(from CBSSPORTSLINE.COM)
Faced with an uncertain future and the reality that the Big East's next television deal won't be as lucrative as it once projected, officials from the Big East's seven non-football members met in New York within the past 48 hours and discussed, among other things, the possibility of breaking away from the Big East's football-playing members, a source confirmed to CBSSports.com.
The meeting was first reported by Mark Blaudschun.
SI.com's Pete Thamel is reporting that Big East commissioner Mike Aresco attended.
This development comes less than a week after CBSSports.com's Dennis Dodd reported that the Big East's next TV deal could be worth as little as $60 million annually, meaning the league's seven non-football members -- Georgetown, Marquette, Providence, St. John's, Seton Hall, Villanova and DePaul -- will make a fraction of what they figured to make before Syracuse, Pittsburgh, Notre Dame, Rutgers and Louisville announced within the past 15 months that they're leaving the Big East. Considering TV revenue has long been viewed as the only tangible reason for the non-football members to remain affiliated with the football-playing members, last week's report combined with the possibility of additional changes has the non-football members now exploring other options. One possibility, a source said, is the non-football members forming a basketball-only league and perhaps inviting other relevant basketball schools without FBS-level football programs to join them -- schools like Butler, VCU, Xavier, Saint Louis, Dayton, George Mason and Creighton.

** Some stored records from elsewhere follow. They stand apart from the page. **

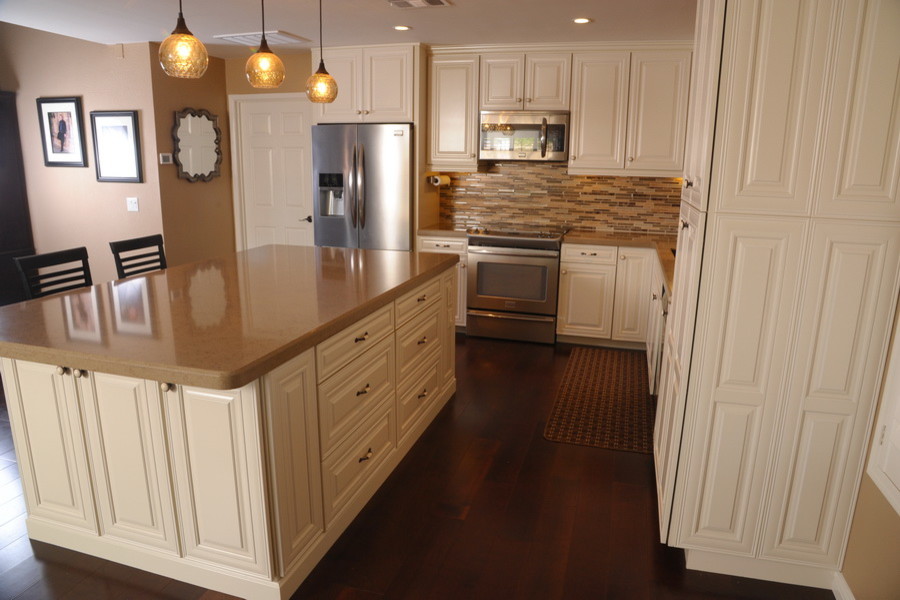 This is an example of a mid-sized traditional l-shaped separate kitchen in Phoenix with an undermount sink, raised-panel cabinets, white cabinets, limestone benchtops, beige splashback, matchstick tile splashback, stainless steel appliances, dark hardwood floors, with island, brown floor and beige benchtop.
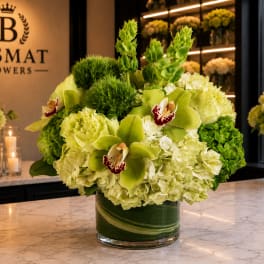Green hydrangea and orchid arrangement in a glass vase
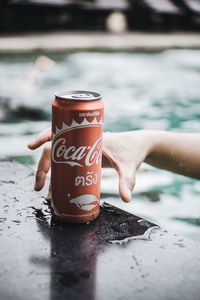 Midsection of woman with drink in water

How much TV revenue could a league like that generate?
The answer is unclear.
But it probably wouldn't be significantly less than the roughly $1 million per year Dodd's report suggests the non-football members might get from the deal Aresco is currently trying to negotiate, and, just as important, a new basketball-only league wouldn't force schools like Georgetown and Marquette to water-down their schedules and blow their budgets playing against and traveling to schools like Tulane and Houston. In the end, that's what the non-football members must decide -- whether a few hundred-thousand dollars per year from a TV contract is worth them remaining part of a league they no longer recognize. A source said a decision, one way or another, is expected before July 1, i.e., the date Memphis, Houston, UCF and SMU are scheduled to join the Big East as all-sports members.